La Iglesia dio a conocer este sábado un mensaje por la celebración de las Pascuas donde expresó su preocupación por los despidos masivos en Argentina. El presidente del Episcopado Argentino Monseñor Oscar Ojea advirtió por aquellos "grupos diversos de personas que quedan sin trabajo, gente que queda como al ‘costado del camino’". "Es tremenda esta herida", agregó.
“Queridos hermanos y hermanas, muy felices pascuas. Los frutos de la Pascua son la paz y la alegría que nos trae Jesús resucitado, pero la paz además de ser un don es una tarea; la paz se construye, no es un producto industrial, es artesanal”, expresa Ojea al comienzo del video dado a conocer por las redes oficiales del Episcopado.
En el mismo sentido remarcó que la solidaridad "se construye con el trabajo de cada día, con la vida de cada día, la cercanía, la entrega, y se construye con la solidaridad. Cuánta falta nos hace en este tiempo de emergencia, en este tiempo de crisis, en donde cuesta tanto la vida de cada día, ¡cuánta falta nos hace la solidaridad!”.

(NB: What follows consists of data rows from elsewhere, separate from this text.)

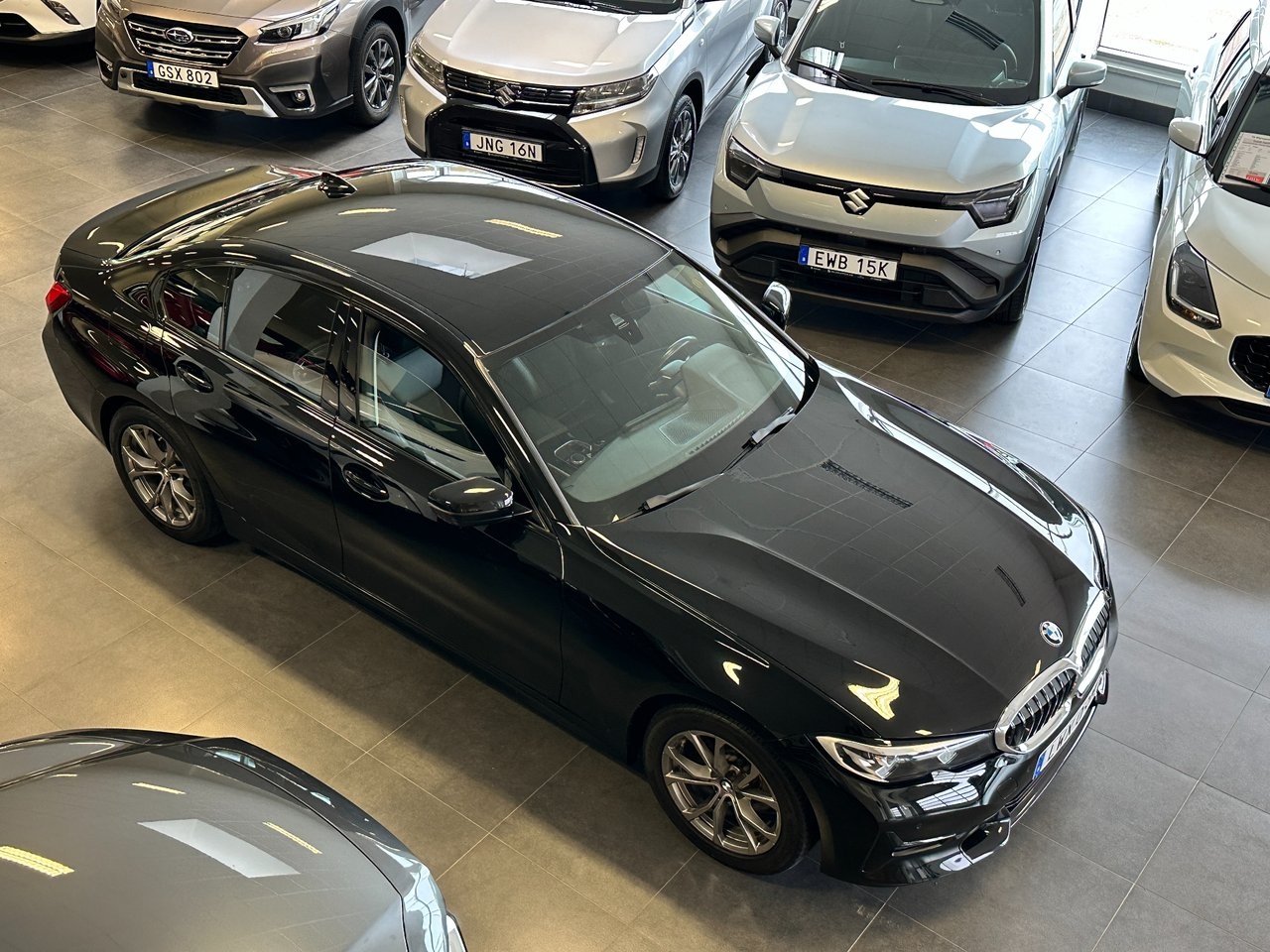 BMW 320d 2019, bild 5/10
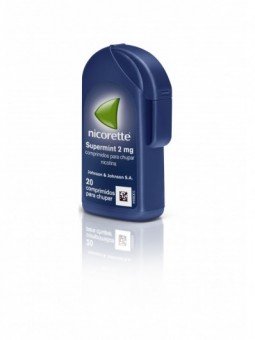 Nicorette Supermint 2 Mg...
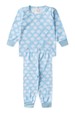 Conjunto Pijama Blusa e Calça - Nuvens - Ame Kids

Para luego advertir: “Hemos recibido últimamente en la Conferencia Episcopal grupos diversos de personas que quedan sin trabajo, gente que queda como al ‘costado del camino’. Es tremenda esta herida”.
Embed - Mons. Oscar Ojea | Mensaje para el Domingo de Pascua 2024
En este marco, "el día que nos gane la globalización de la indiferencia, el día que se nos endurezca tanto el corazón, que no tengamos sensibilidad para estos hermanos y hermanas que quedan sin trabajo, es ese día no nos podemos llamar cristianos”.
“Ese día vamos a decir nos ocupamos solamente de nosotros mismos y los demás. Pidámosle al Señor esta gracia descubrir con una imaginación nueva la caridad cristiana. Siempre la Pascua nos da una nueva creatividad para poder crecer en el amor, para poder crecer en la caridad”, agregó el presidente del Episcopado Argentino.
Sobre el final recordó las palabras del papa Benedicto quien "nos enseñaba que la fe es un don de Dios. La fe nos libera del aislamiento del yo y nos lleva a la comunión, pero todo acto de fe es, en sí mismo y como tal, encuentro con los hermanos; es un acto que me lleva a ser más responsable de la vida de los demás. Pidámosle al Señor renovar esta fe que la necesitamos tanto. Muy felices Pascuas. Que Dios los bendiga”.